AI & ML Advanced By Samson Tanimawo, PhD Published Aug 3, 2026 8 min read

DPO vs PPO vs SPIN for Alignment

Three algorithms for fine-tuning a chat model toward preference data. PPO trains a reward model; DPO skips it; SPIN does it without any preference data at all.

The three algorithms

All three start with a base model and a goal: make it behave more like preferred responses. They differ in the training procedure.

PPO (Proximal Policy Optimization)

The classical RLHF algorithm. Two-step:

Train a reward model on (prompt, chosen, rejected) triples. The reward model scores any response.
Use PPO to train the policy (the chat model) to maximise reward, while staying close to the original model (KL constraint).

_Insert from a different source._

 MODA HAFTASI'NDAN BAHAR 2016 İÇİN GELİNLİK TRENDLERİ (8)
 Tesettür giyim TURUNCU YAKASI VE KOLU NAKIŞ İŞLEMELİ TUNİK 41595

Strengths: well-understood, flexible (can handle complex reward signals), the reference algorithm.

Weaknesses: complex, unstable, requires running 4 models in memory simultaneously (policy, reference, reward, value). Expensive.

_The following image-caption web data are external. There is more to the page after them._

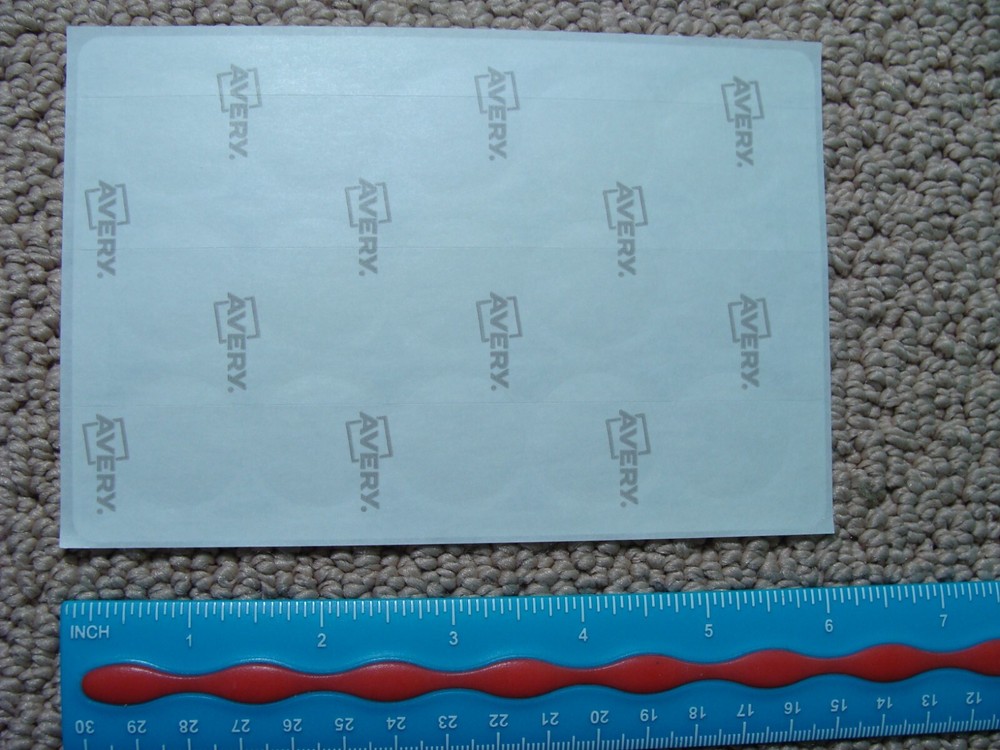 75 Avery Mailing Seals 5247 5-Sheets Circles 1" White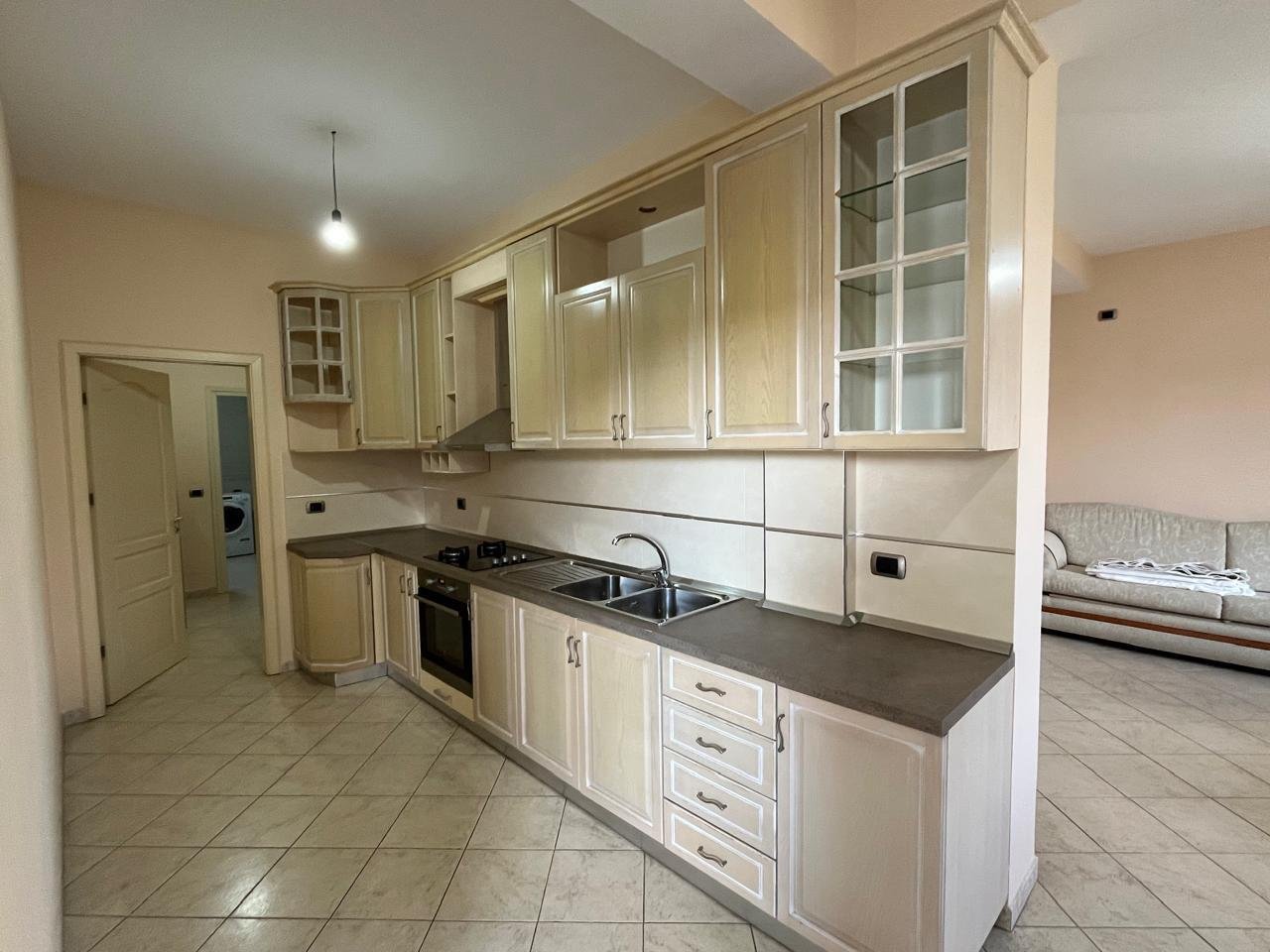 Affittasi appartamento 2+1 presso Kodra e Priftit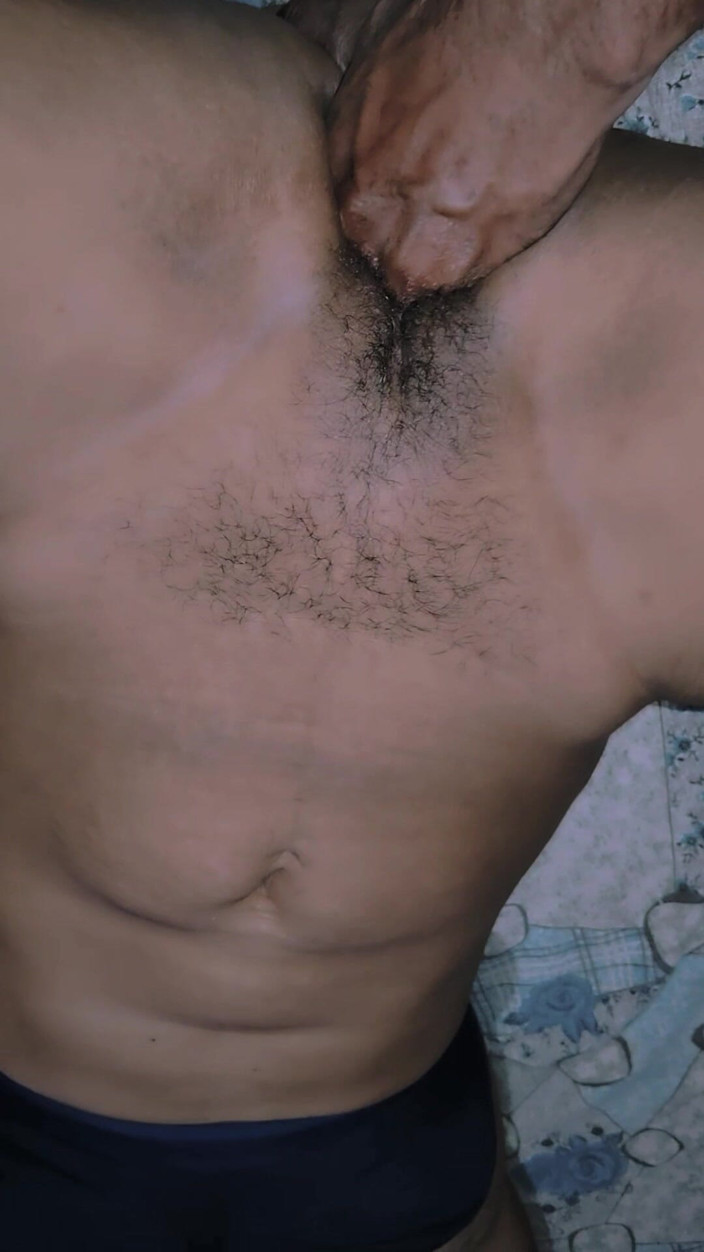 Seenu: Pooja memasukkan tangannya ke dalam memek istri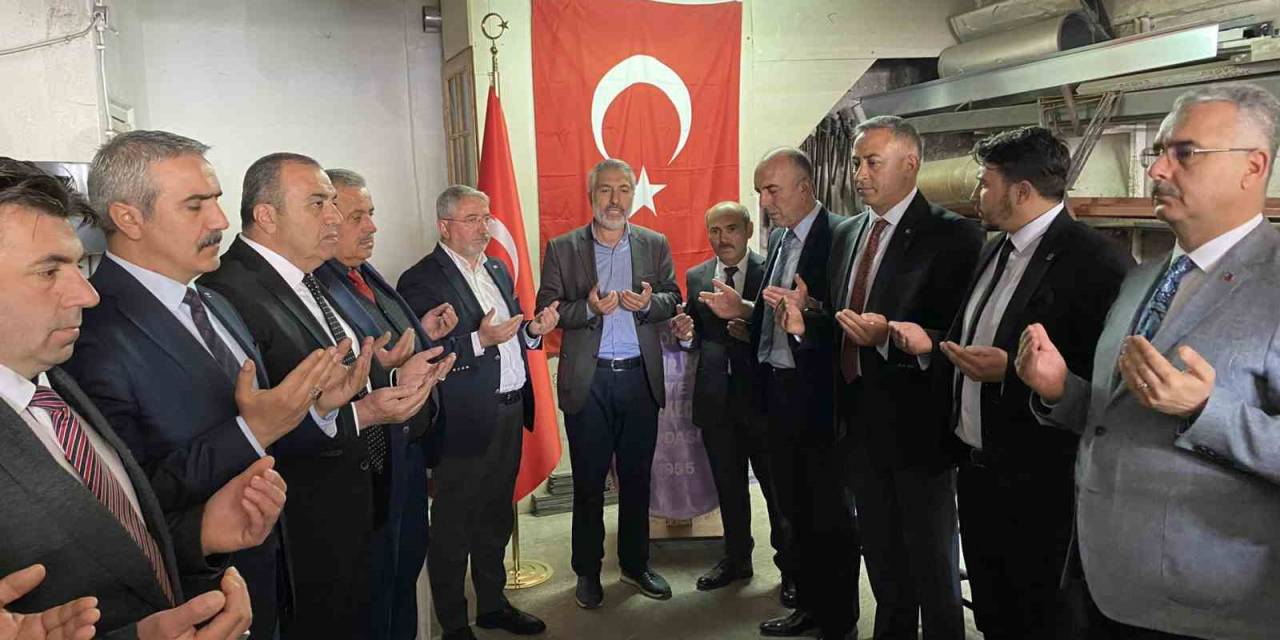 Esnaf Asırlık ‘arife Duası’nda Buluştu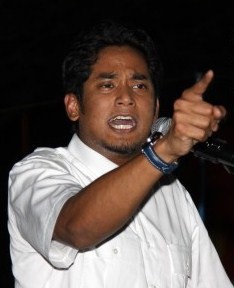 [1508-ceramah-khairy-shahalam-1.jpg]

DPO (Direct Preference Optimization)

2023 algorithm that proved you can skip the reward model entirely. DPO derives a closed-form expression that directly optimises the policy from preference data, treating the model itself as an implicit reward function.

Strengths: simpler than PPO, more stable, fewer models to coordinate, often matches or beats PPO on benchmarks.

Weaknesses: less flexible (can’t easily incorporate non-preference signals), more sensitive to data quality.

DPO has become the default for fine-tuning open-weight models. It’s simpler to set up and almost always works.

SPIN (Self-Play Fine-Tuning)

2024 algorithm. Doesn’t require preference pairs at all. The model plays against itself: a current copy generates responses; the model is trained to distinguish its own current outputs from gold-standard SFT outputs.

Strengths: requires only the SFT dataset (no separate preference data). Iterative: each round improves on the last.

Weaknesses: only matches the SFT data’s ceiling. Can’t teach behaviours that aren’t demonstrated. Less explored in production.

Picking one

Have preference pairs, want simplicity: DPO. The default.
Have a complex reward signal (multi-objective, online): PPO. Worth the operational cost.
Only have SFT data, no preferences: SPIN. Especially good for fine-tuning when you can’t afford preference labelling.
At frontier scale: hybrid. SFT, then DPO, then targeted RLHF on specific failure modes.

For most teams: DPO is the right starting point in 2025. PPO is for specialised cases. SPIN is interesting but less battle-tested.